A distanza di due anni dalla sua uscita su PC, finalmente Victor Vran è giunto a sterminare mostri anche su console, in una versione super completa intitolata Overkill Edition, che include persino un’espansione a tema Motörhead (difatti, l’edizione prende il nome da un loro pezzo).
Sostanzialmente ci troviamo di fronte ad un classico titolo “alla Diablo”: un hack & slash-RPG isometrico, che per alcuni aspetti può risultare una valida alternativa per gli appassionati del genere, per altri invece non riesce a tenere sufficientemente testa a titoli simili.

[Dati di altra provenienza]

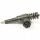 Seat Alhambra 2.0 TDI 2005-2010 Reconditioned Bosch Diesel Injector 0414720229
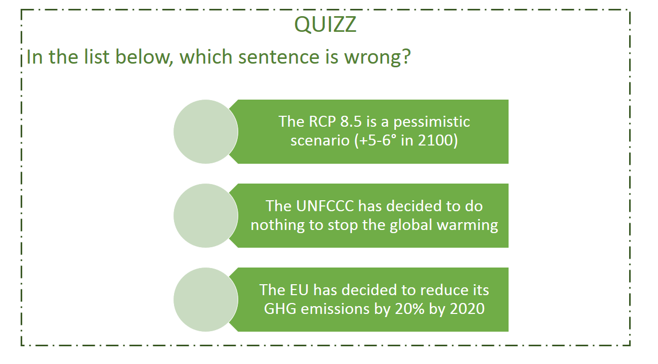 Quizz wrong sentence UNFCCC.PNG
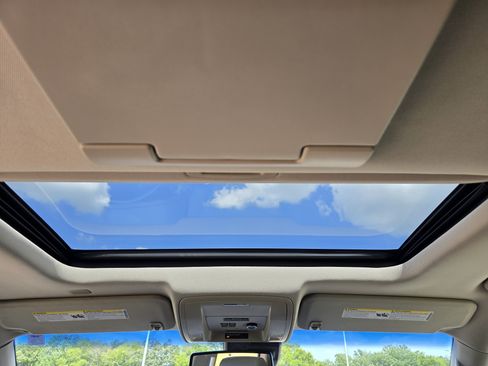 Used 2017 Chevrolet Tahoe Premier RWD image 17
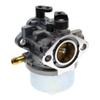 Compatible with for Kawasaki 15004-0962 15004-7010 Carburetor FJ180V 4 Stroke Toro 22298 22189 view 1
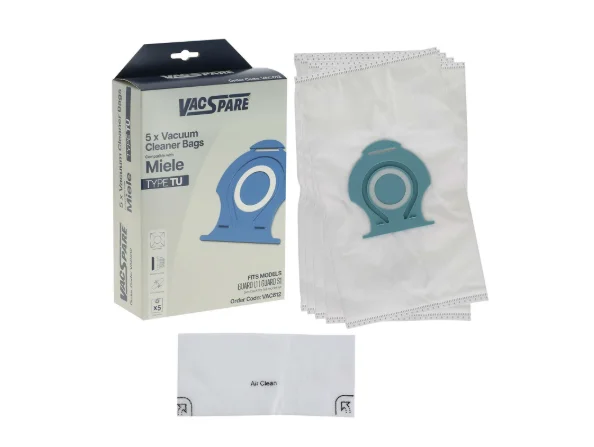 bartyspares612169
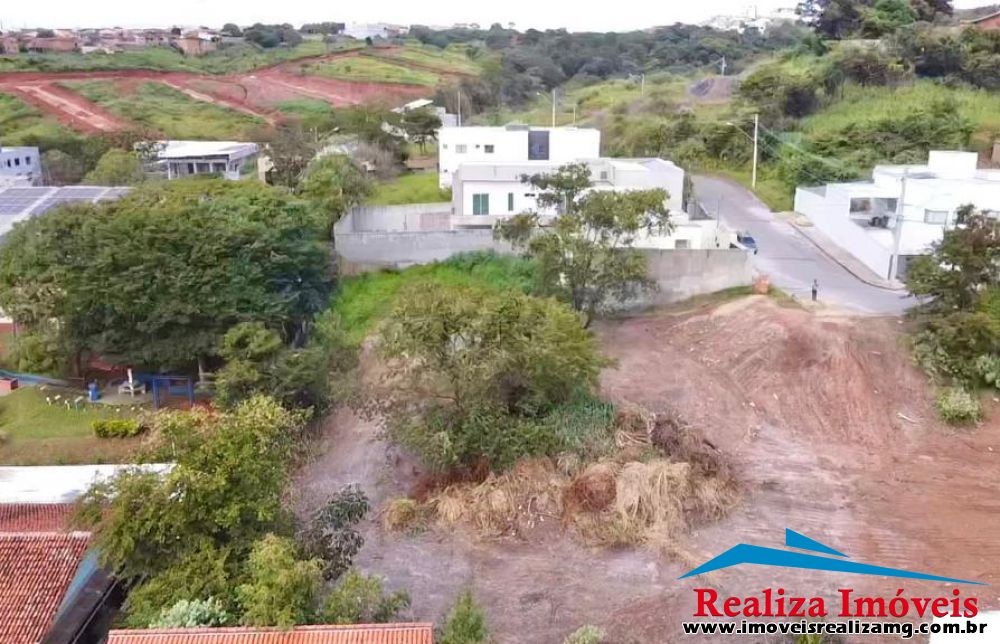 Foto Imóvel 998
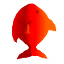 ef13000040_82
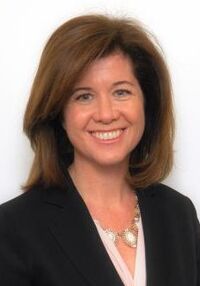 Elizabeth C. MacDonough.jpeg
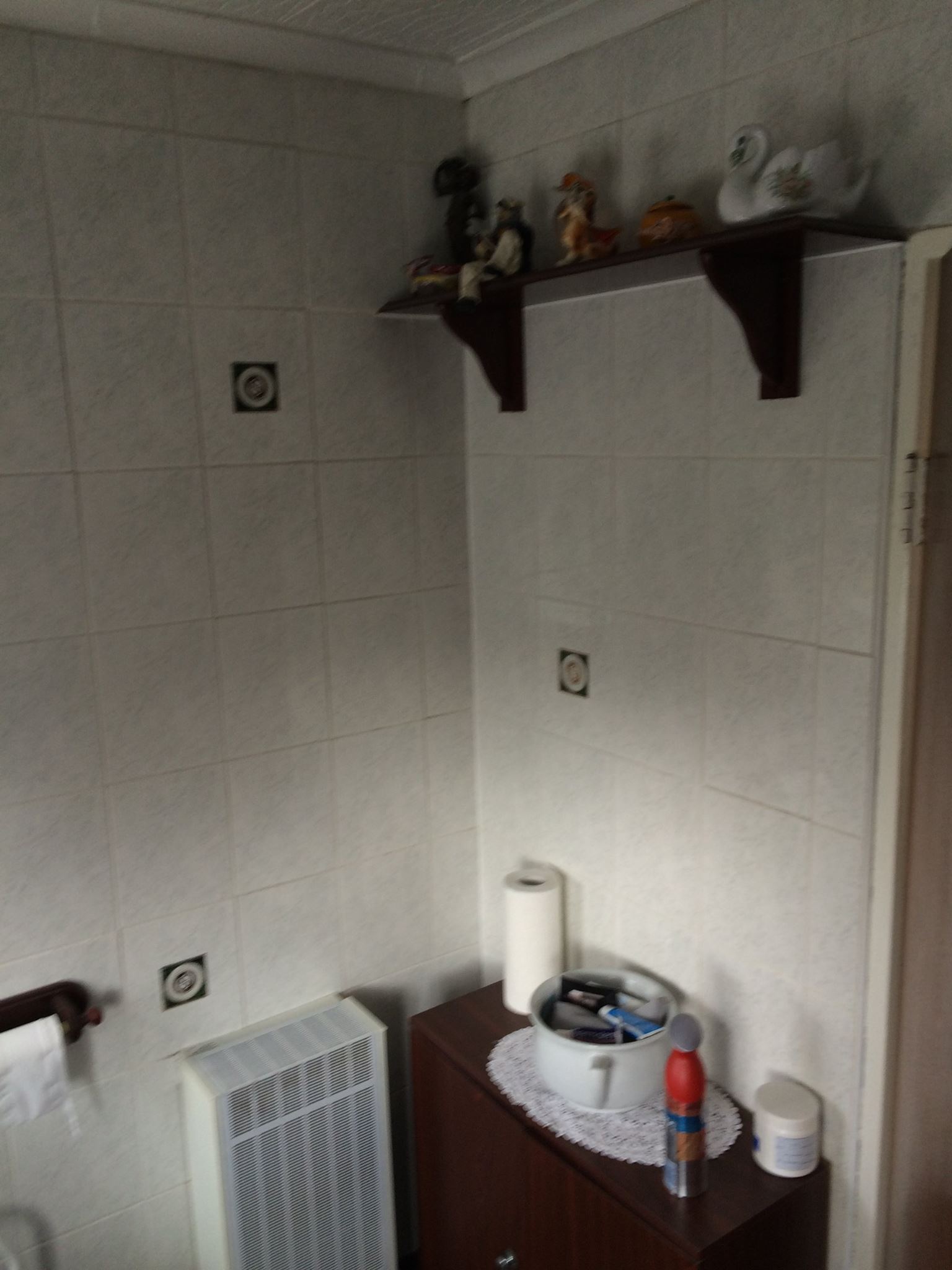 13316835 1572160973082976 7537482432606693891 O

La trama del gioco è quanto di più banale e stereotipato possa esistere. Victor Vran è un cacciatore di demoni, una pallida copia di Van Helsing il cui unico pregio è essere doppiato da Doug Cockle, noto per aver prestato la sua voce anche a Geralt di Rivia in The Witcher. Durante una spedizione per trovare un suo altro amico cacciatore, di nome Adrian, il nostro VV si ritrova suo malgrado a dover aiutare la regina Katarina a liberare la città di Zagoravia dai mostri di ogni tipo che l’hanno devastata, e far luce sugli oscuri (ma molto poco interessanti) retroscena di questa vicenda.

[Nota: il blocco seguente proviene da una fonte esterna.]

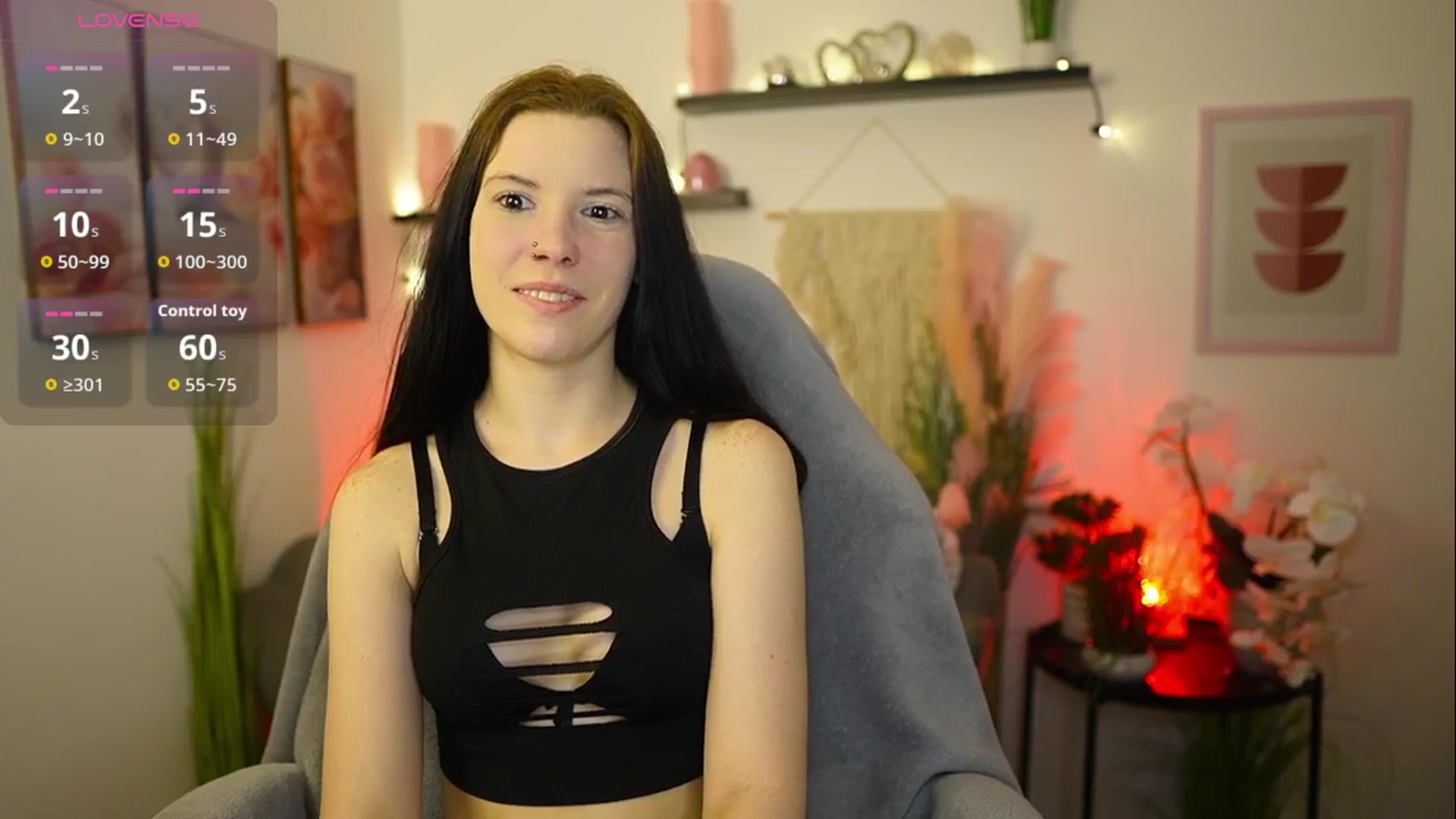 Cherry_Rain video thumbnail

Senza troppi giri di parole, la trama è sicuramente il punto più debole del titolo, e sebbene non sia prerogativa di questo tipo di giochi raccontare storie profonde ed affascinanti, sicuramente un pizzico di originalità in più fornisce sempre al giocatore un ulteriore motivo per proseguire nell’avventura.
Sotto il profilo del gameplay invece Victor Vran ha molto da offrire. Certo, in buona parte nulla che non si sia già visto e stravisto, ma forse appunto per questo funziona. Un grande punto a favore del titolo è l’ampia possibilità di personalizzazione dell’esperienza di gioco: tra diversi livelli di difficoltà selezionabili, un’ampia scelta di armi, abilità attive e passive, e costumi dalle caratteristiche differenti, c’è solo l’imbarazzo della scelta.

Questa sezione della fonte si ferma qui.